Two Runways Designed For 90 million Passengers and Three Million Tonnes of Cargo
The proposed facility is designed with two parallel runways, matching the scale of India’s largest existing hubs. Fadnavis said the airport is intended to help bridge Mumbai’s projected passenger capacity gap by 2050, as air traffic across western India continues to climb.
Cost estimates published by India Today TV put the total project at approximately ₹45,000 crore. Reports indicate the breakdown is split roughly between two components:
- Land reclamation from the seabed, needed to build a stable artificial island for the runways and terminals.
- Runway construction, passenger terminals, and cargo facilities built to international aviation standards.
Unlike conventional greenfield airports, offshore facilities avoid large-scale land acquisition and displacement, since the runways sit on reclaimed marine land rather than farmland or settlements. The approach mirrors Kansai International Airport (KIX) in Osaka and Hong Kong International Airport (HKG), both built on artificial islands to solve land scarcity near dense coastal cities.

Sea Link Extension and Bullet Train Station Anchor the Connectivity Plan
The Palghar site is designed to sit inside a dense web of infrastructure already under construction in the region. Fadnavis noted that the Mumbai-Ahmedabad High-Speed Rail bullet train station is planned close to the site, which officials expect to further boost urban development in Palghar.
Beyond the sea link and bullet train, the airport is planned with direct connectors to the Western Dedicated Freight Corridor (DFC), the Delhi-Mumbai Expressway, and National Highway 48, according to details shared by the Maharashtra government’s official social channels. This layered connectivity model goes beyond what most Indian airports offer at launch, since road, rail, freight, and high-speed transit links are all being planned in parallel rather than added later.

Vadhavan Port Partnership Builds a Sea-To-Sky Logistics Corridor
The airport is not a standalone project. It is planned as part of the wider Vadhavan Port development, a deep-sea container terminal under construction nearby and overseen primarily by the Jawaharlal Nehru Port Authority (JNPA). Fadnavis said the airport would give a major boost to cargo traffic moving through the Vadhavan and Murbe ports once both projects are operational.
The wider infrastructure push is expected to generate significant employment. Reports citing government estimates suggest the combined port, airport, and logistics build-out could create around ten lakh, or one million, direct and indirect jobs across shipping, freight, and related industries.
Planners have described the combined effect of the port, airport, bullet train, and expressway network as the emergence of a fourth major growth centre for the region, sometimes referred to as “Mumbai 4.0”.
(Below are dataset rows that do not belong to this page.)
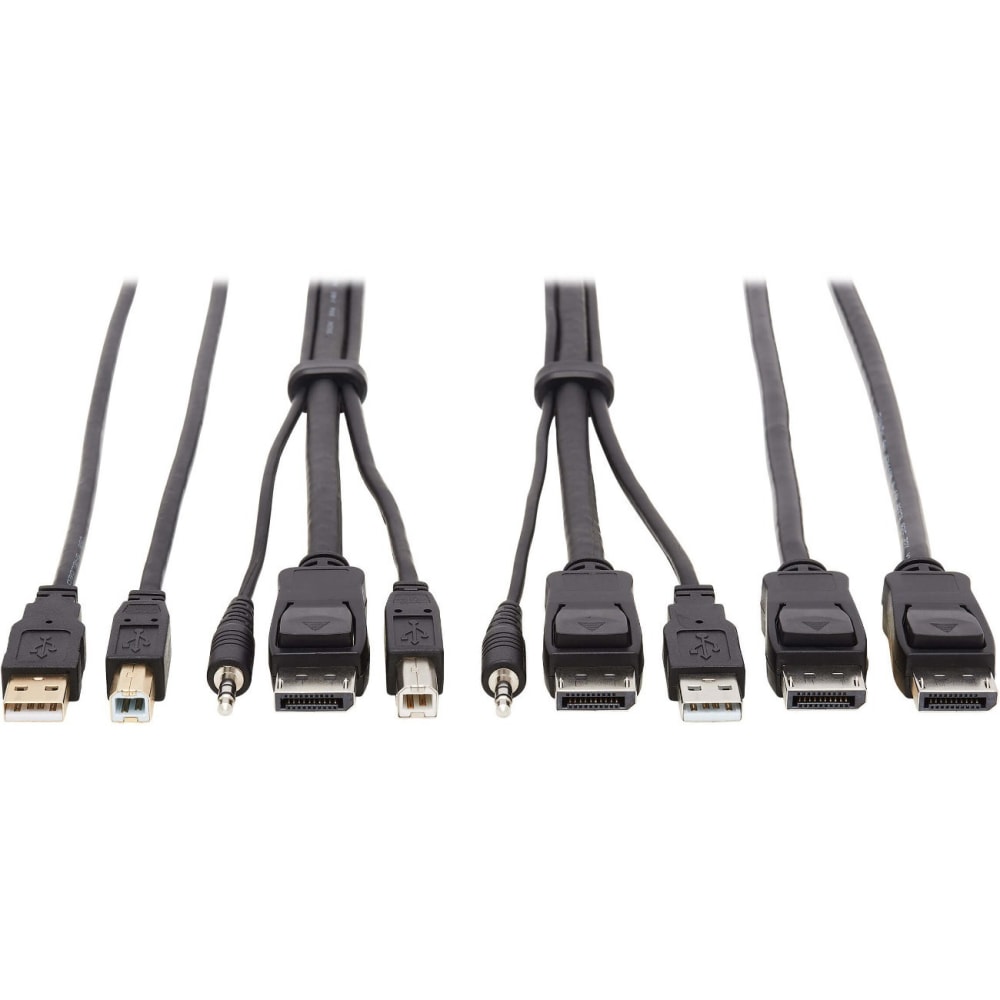 Tripp Lite DisplayPort KVM Cable Kit 4K USB 3.5mm 3xM/3xM USB MM DP MM 6ft - 60 MB/s - Supports up to 3840 x 2160 - Black (Min Order Qty 2) MPN:P783-006-DPU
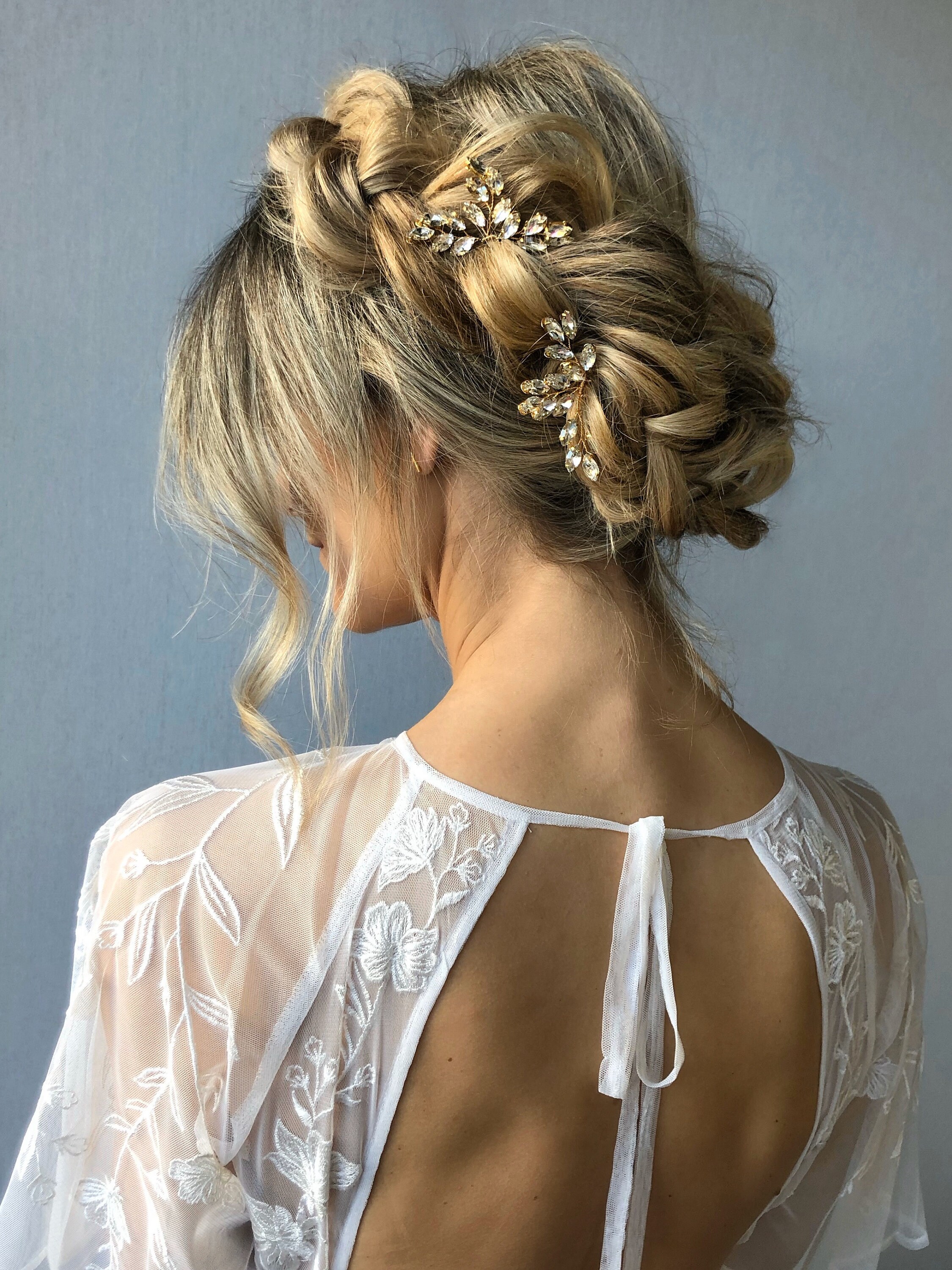 Brides and hairpins Esther wedding hair clip Crystal wing shaped bridal hair clip - Crystal dove wing  main image 3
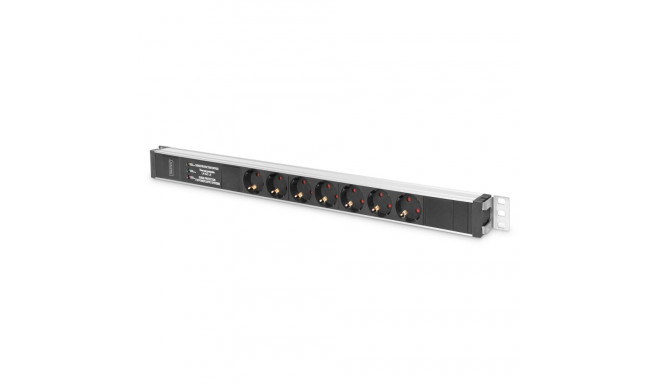 Digitus alumiiniumist pistikupesa ülepingekaitse ja liinifiltriga, 7 turvapistikupesa, 2 m toite tur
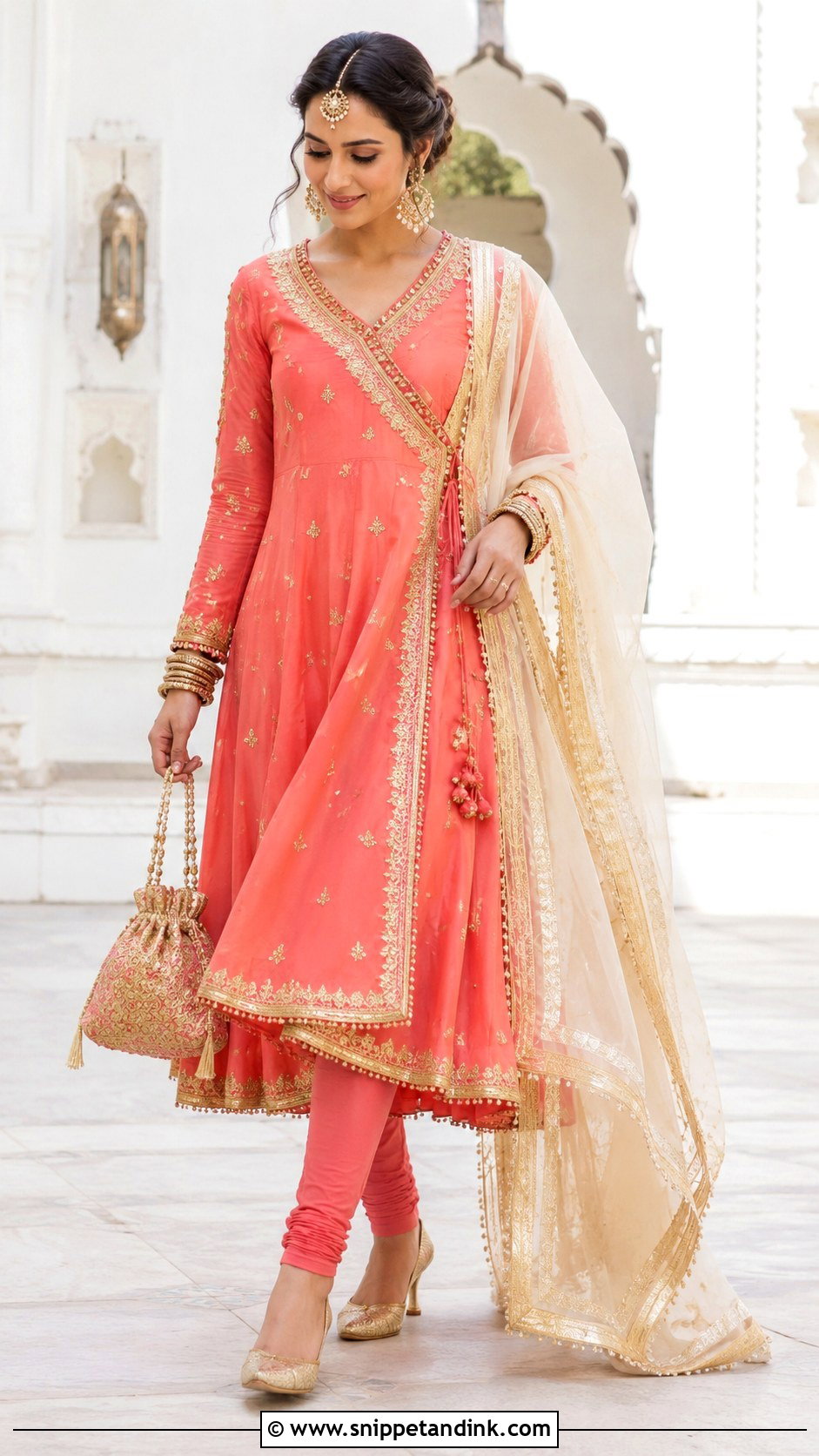 Coral Angarkha Bridal Salwar Suit - Snippet and Ink - 20 Bridal Salwar Suits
How Palghar Compares to Mumbai’s Newly Opened Second Airport
Palghar would not be Mumbai’s first attempt to solve its capacity constraints. Navi Mumbai International Airport (NMI) opened its first phase on December 25, 2025. NMI’s first phase was built to handle 20 million passengers annually, with capacity expected to grow toward 90 million passengers across five construction phases.
Palghar’s target capacity of 90 million passengers would therefore roughly match Navi Mumbai’s ultimate design figure once both airports are fully built out, giving the Mumbai Metropolitan Region a combined theoretical capacity well beyond 200 million passengers a year across all three facilities.
Unlike Navi Mumbai, which was built on land in the Ulwe suburb of Raigad district, Palghar’s offshore design places it closer in engineering approach to Kansai and Hong Kong than to any existing Indian airport, since it requires large-scale marine reclamation rather than conventional land acquisition.

Timeline And Next Steps for the Detailed Project Report
The project remains in an early planning stage. MADC must now complete the DPR, after which the proposal will require environmental clearances and further government approvals before construction tenders can be issued.
No construction start date or completion year had been formally confirmed as of early July 2026. Officials have linked the airport’s broader timeline to the development schedule of Vadhavan Port, which broke ground in August 2024 and is being built in phases through the next decade.